Lloyd Suh's play The Far Country, a Pulitzer Prize finalist in Drama, tells the story of a family immigrating to the U.S.... Lloyd Suh's play "The Far Country," a Pulitzer Prize finalist in Drama, tells the story of a family immigrating to the U.S. in the wake of the Chinese Exclusion Act. Photo courtesy of the Atlantic Theater Company

Award-winning playwright Lloyd Suh was bitten by the theater bug while he was a student at Indiana University Bloomington, setting him on a course to be one of his generation’s foremost playwrights today.

Suh graduated in 1998 with a degree in English from the College of Arts and Sciences, although he said he also took as many theater courses as he could. He has since earned the Herb Alpert Award in the Arts in 2019 and the John Simon Guggenheim Memorial Foundation Fellow Award in 2020. In 2023, he was a finalist for the Pulitzer Prize in Drama for his play “The Far Country.”

Lloyd Suh. Photo courtesy of Lloyd Suh Lloyd Suh. Photo courtesy of Lloyd Suh

Included among Suh’s fondest memories at IU are the years he spent working and hanging out with friends at the now-closed Von Lee movie theater.

“The Von Lee was my main hub,” Suh said. “I started as a popcorn boy, usher and ticket taker, and then I eventually was a shift manager and a projectionist. It was where all my good friends hung out, and it was just the greatest.”

“When I think about the five years I spent in Bloomington and the volume of different things that I have very intense memories of, it’s just very satisfying to look back on.”

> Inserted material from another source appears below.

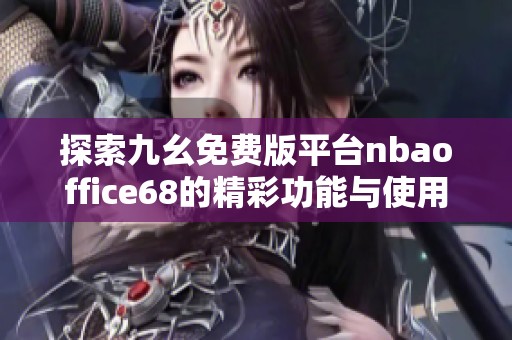 探索九幺免费版平台nbaoffice68的精彩功能与使用体验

Suh said his time on the Bloomington campus was transformative. He enrolled in every playwriting course taught by Dennis J. Reardon, professor emeritus in the Department of Theatre, Drama, and Contemporary Dance.

“I took his screenwriting class first when I was a punk undergrad sophomore, and I did very badly,” Suh said. “I was intimidated by him, so I didn’t really participate in class much.”

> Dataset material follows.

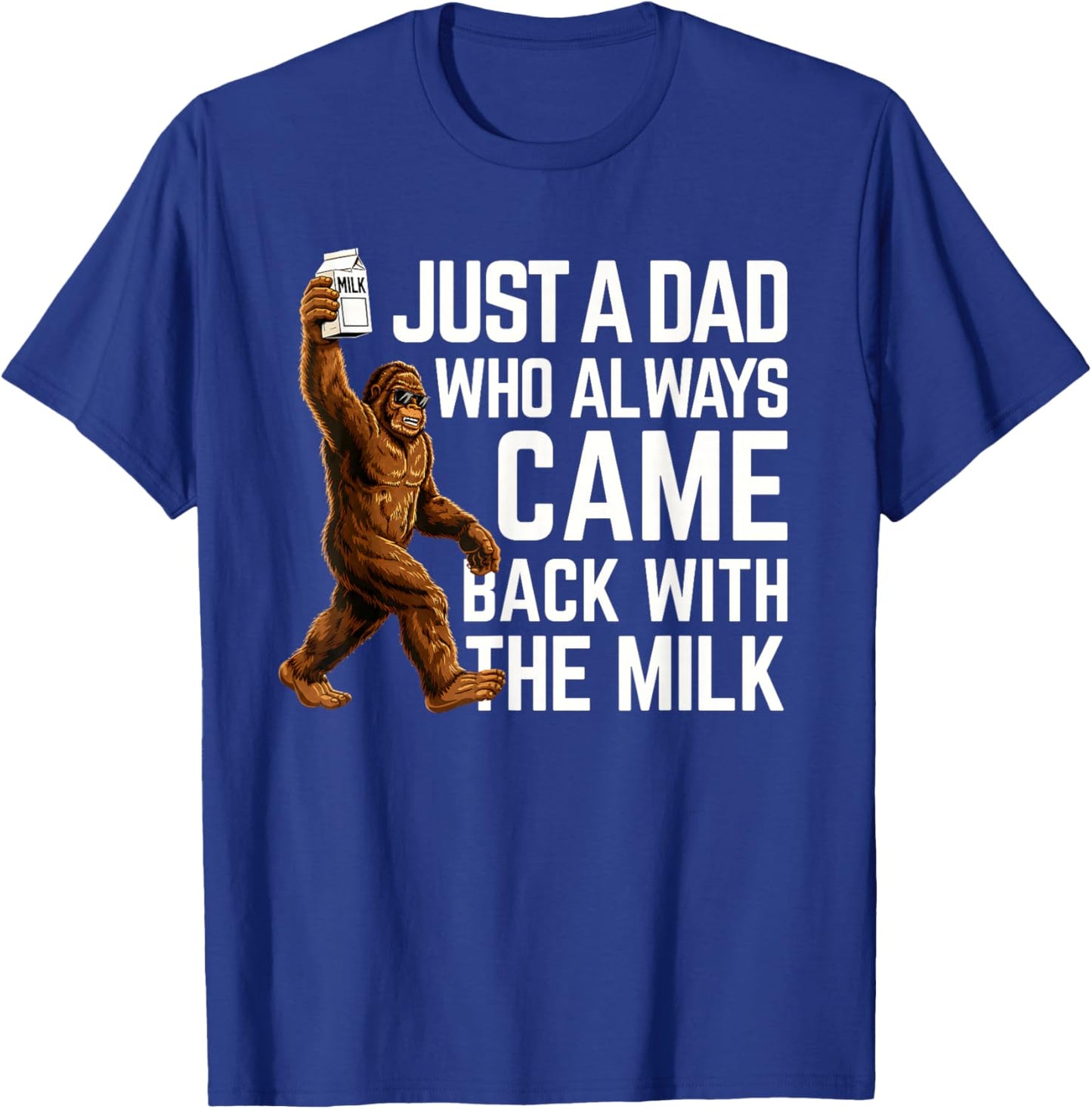 Bigfoot Papa, Just A Dad Who Always Came Back with The Milk T-Shirt - T-Shirt | Royal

After Suh took several more of Reardon’s classes, including a graduate-level independent study in playwriting, Reardon suggested he move to New York after graduation to study under American playwright Romulus Linney, the father of Academy Award-winning actress Laura Linney. Reardon even wrote recommendation letters to make it possible.

Three young adults wearing white button ups with black suspenders and ties. Lloyd Suh, center, works in the box office of the Von Lee movie theater in the 1990s along with Isabel Binkley, left, and Brandy Russell, right. Photo courtesy of Lloyd Suh

Suh said Reardon’s influence was enduring.

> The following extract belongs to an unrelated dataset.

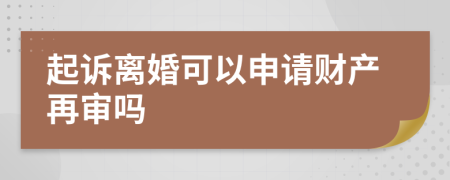 起诉离婚可以申请财产再审吗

“Now that I’m teaching playwriting at the university level, I find myself quoting him quite a lot,” said Suh, who has taught playwriting at Columbia University and Hunter College, and will soon teach at Princeton University. “He’s the real reason I started down this path in the first place. It’s especially meaningful that I got to have early contact, at an impressionable age, with a real writer who showed that pretty much anything is possible.”

In addition to exploring new interests like playwriting at IU, Suh found opportunities to explore his own identity. Growing up in the sleepy suburbs south of Indianapolis, Suh said he felt like he was stalling until he arrived on the IU campus.

“When I got to Bloomington, I was ready to be something, but I didn’t know what that was yet,” he said. “I got involved with different scenes, different communities, and went all-in trying on identities.”

Identity appears as a theme in many of Suh’s recent plays, including “The Chinese Lady” and “The Heart Sellers.” As a second-generation Korean-American, Suh is fascinated by social and historical aspects of Asian American identity and culture.

Student actors, from left, Karalyn Shima, Patrick J. Song, Amy Hays and Sean Gallagher performed the first play Lloyd Suh ever wrote. Student actors, from left, Karalyn Shima, Patrick J. Song, Amy Hays and Sean Gallagher performed the first play Lloyd Suh ever wrote. “Lilly Lee's Science Fair Project” was staged in the T300 Studio Theater at IU Bloomington in the winter of 1996 to 1997. Photo courtesy of Lloyd Suh

“The plays that I’ve been writing recently on Asian American history, I realized that they’re all part of the same impulse,” Suh said. “My parents are first-generation immigrants. My children are third generation, but they have very little tangible connection to my parents’ journey beyond what we can tell them. So how do we tell that story?”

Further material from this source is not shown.